I recently found my bathtub is leaking from the drain . I cut a hole in the ceiling to get access. How do I stop the leak? Is it a matter of just getting some putty and resealing it? Not sure what to do. Any help would be great.
also ( same tub) my faucet is also leaking. What can i do for that as well?


----------



## Mike Swearingen (Mar 15, 2005)

Jerry,
Old plumber's putty will dry out and the tub "flexing" due to people and water weight in the tub can cause it to start leaking. 
To seal the tub drain, you just need to unscrew the drain counter-clockwise, clean out the old plumber's putty and replace it.
If you don't have the proper drain tool (most don't), you can use the handles of a pair of channel-lock pliers down in the crosspieces of the drain and use a screwdriver in the plier teeth for leverage to unscrew the drain.
You might want to loosen the old putty by heating it with a hair dryer first.
_If you break out the crosspieces, you will have to buy a new drain._
Once you've cleaned off all of the old putty, roll a roll of new plumber's putty about the size of a pencil in your hands and wrap it around the depression around the tub drain hole, then tighten the drain down on it.
We need to know the brand and type of faucet before we can help with that. Single handle? Dual handles?
Mike


----------



## Jerry bergen (Sep 3, 2007)

Thanks Mike that helps alot.
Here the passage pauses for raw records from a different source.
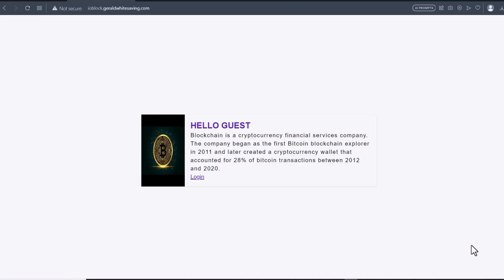Hey guys, welcome again to my YouTube channel. With this video today, I want to introduce to you this application that you can use to send a crypto deposit alert to an end user receiver email address.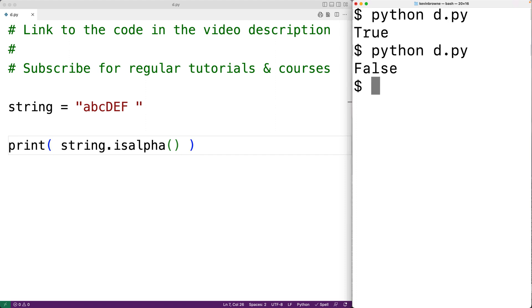And now we get back false. So if the string contains even one non-alphabetical character, whether that's white space or a digit or punctuation marks, the method is going to return false.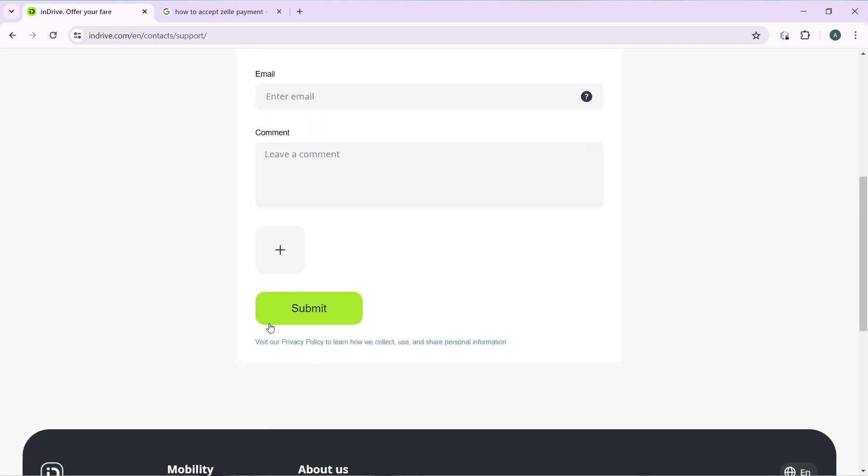After that, go ahead and use this box to express yourself. Just pour out your mind, let them know what exactly you want them to do for you. Leave a comment in there and you can even use this plus icon to upload files if you want to upload any file.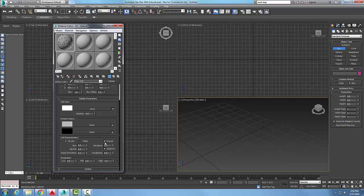...we're going to use a fractal algorithm to produce these. Word of caution: if you're going to go with more iterations, this does increase your rendering time and processing time. The adaptive setting will calculate on the fly.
As for the faucet it is a single handle and it has a moen handle . I took the handle off and the chrome plate off and all I can see is what looks like to be a valve / Not sure if thats the problem or not.


----------



## Mike Swearingen (Mar 15, 2005)

Moen will have cartridge that needs replacing.
Do you see a U-type clip holding something in place?
Turn the water OFF before you start trying to remove the cartridge of course. Once you get it out, take it to a store and get one exactly like it.
Sometimes you might need a Moen cartridge puller to get them out, but you might get it out with channel-locks.
Mike


----------



## johnnydow (Apr 17, 2011)

*Help*

My tub is leaking also, and it sounds like an easy fix, Will buy the putty tomorrow and do it. Thanks


----------